> Supplied records:
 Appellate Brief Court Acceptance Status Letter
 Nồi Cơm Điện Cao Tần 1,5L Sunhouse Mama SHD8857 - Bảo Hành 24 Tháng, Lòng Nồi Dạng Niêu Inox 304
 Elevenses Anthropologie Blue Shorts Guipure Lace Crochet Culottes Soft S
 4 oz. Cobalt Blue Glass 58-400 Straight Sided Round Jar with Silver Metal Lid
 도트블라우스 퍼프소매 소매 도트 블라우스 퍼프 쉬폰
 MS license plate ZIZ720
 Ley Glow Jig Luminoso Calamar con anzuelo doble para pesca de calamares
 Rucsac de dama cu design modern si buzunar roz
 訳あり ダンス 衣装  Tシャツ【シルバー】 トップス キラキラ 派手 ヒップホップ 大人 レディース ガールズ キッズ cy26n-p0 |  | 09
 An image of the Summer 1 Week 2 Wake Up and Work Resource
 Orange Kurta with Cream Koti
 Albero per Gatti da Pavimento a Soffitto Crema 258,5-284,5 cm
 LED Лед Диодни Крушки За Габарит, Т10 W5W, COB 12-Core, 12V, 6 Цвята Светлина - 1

> Exercise brief: Among the lines above, return those that hold the word "with".

> Output for this task:
 4 oz. Cobalt Blue Glass 58-400 Straight Sided Round Jar with Silver Metal Lid
 Orange Kurta with Cream Koti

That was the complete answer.